Wednesday, July 4, 2007

Prólogo

No colégio onde estudava existiam 3 tipos de pessoas: os admirados que todos os garotos e garotas gostariam de ser ou de estar perto, os ignorados, que ninguém lembrava deles ou percebia sua presença e os rejeitados aqueles que ninguém queria ser visto junto. Eu, particularmente, me encaixava no último grupo.
Minhas expectativas nem eram tão grandes, sonhava apenas em passar despercebido pelo pátio durante o recreio ao invés de ter que fugir dos garotos que sempre me perseguiam pra me dar porrada.
Segui minha vidinha mundana até a festa junina da sexta série, quando encontrei com Fabiana. Fabiana, Fabi para os íntimos (o que definitivamente não era o meu caso), era uma gatinha da turma e pertencia ao grupo dos admirados.
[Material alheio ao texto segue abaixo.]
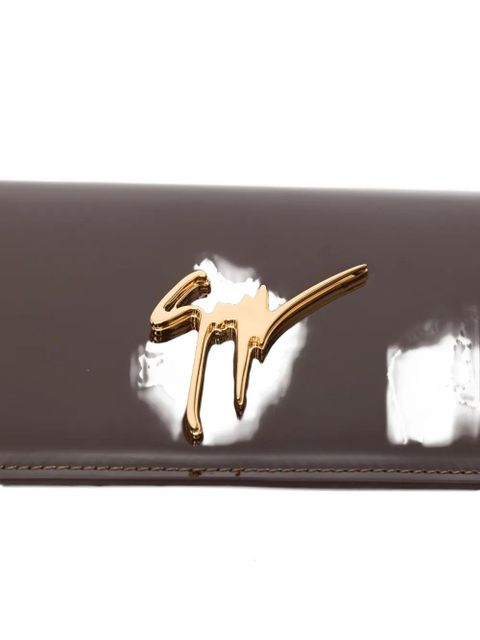 Giuseppe Zanotti patent-leather logo clutch bag - Brown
Não era uma fêmea alpha, mas estava entre as 5 melhores da turma, uma fêmea beta e assim sendo, era muita areia pro meu caminhão. Pra falar a verdade qualquer menina do colégio já era considerada muita areia pro meu caminhão.
Aquela noite prometia, ia chegar na festinha e tentar quebrar meu recorde pessoal. Tomar duas caipirinhas inteiras antes de voltar pra casa passando mal. Estava empolgado.
Quando cheguei na barraquinha de biritas vi Fabi. Como de costume não a olhei diretamente nos olhos e fiz cara de quem não a conhecia, afinal, desde a segunda série eu já ocupava o cargo de rejeitado. Já sabia muito bem como o sistema funcionava.
Pedi uma caipirinha para a tia da barraca e ouvi um oi de Fabi que olhava na minha direção. Olhei para todos os lados e não vi ninguém além de mim e da tia da barraca lá. Nesse momento tudo ficou claro para mim. Fabi estava falando sozinha.
Fabi, então, insistiu - "Oi Leandro". Naquele único segundo vi todos os momentos marcantes de minha vida passarem diante de meus olhos. Nunca um segundo tinha passado tão depressa.
Fabi sabia o meu nome. Fabi sabia o meu nome e tinha me cumprimentado. Fabi sabia o meu nome, tinha me cumprimentado e eu mijei nas minhas próprias calças. Tirando a parte de mijar nas calças tudo era novidade para mim.
Diante de uma oportunidade dessas pensei em várias coisas inteligentes para dizer. Como não é muito do meu feitio dizer coisas inteligentes, teria que plagiar algo que já tivesse lido ou ouvido.
Lembrei me das poesias de Vinícius de Moraes, das lições de filosofia de Jostein Gaarder e de "4 semanas de amor" de Luan e Vanessa, para finalmente dizer:
- "O-Oi, F-Fabi."
Conversando nos entendíamos perfeitamente, um completava o outro. Ela não tinha nada na cabeça e eu não tinha nada a perder. A noite passava sem ser notada por nós. Risadas aconteciam espontaneamente, embora o copo de caipirinha ainda estivesse completamente cheio.
Senti que o grande momento se aproximava. Percebia que meus sentimentos eram correspondidos por Fabi e iria beijá-la. Eu já tinha certa experiencia, conhecia beijos assistindo "Vereda Tropical" e já tinha visto minha babá em momentos íntimos com o porteiro pelo buraco da fechadura. Decidi então partir para o abate, mas Fabi previu minhas intenções e começou a esquivar-se. Podíamos ficar dançando esse mágico balé até o fim dos tempos, ou até que o copo de caipirinha derramasse em seu vestido. A segunda opção aconteceu primeiro.
Fabi desaparecia chorando rapidamente e levando com ela dois preciosos bens meus: meu coração em pedaços e a minha caipirinha em seu vestido.
No dia seguinte e nos outros que seguiram, fui motivo de chacota. Até que isso não era de todo o mal, afinal melhor ser sacaneado do que tomar porrada, mas Fabi nunca falou comigo novamente.
Essa experiência foi muito trágica para mim. Até então a coisa mais triste que tinha visto tinha sido a morte da mãe do Bambi. Algo tinha acontecido dentro de mim. Daquele dia em diante eu me tornei uma pessoa má e amarga. O medo enfim vencera a esperança.

4 comments:

Bruno said...

Cara, muito bom!!! Você deveria ter começado com essa idéia do blog mais cedo...

Bruno said...
This comment has been removed by the author.
Bruno said...

Agora eu descobri a origem da amargura. O mundo só ajudou a tornar tudo pior...

Ogro said...

Esse post começou me dando raiva, depois torci pelo protagonista e terminei rindo da sua desgraça.
Muito bom. Flui rápido e verdadeiro.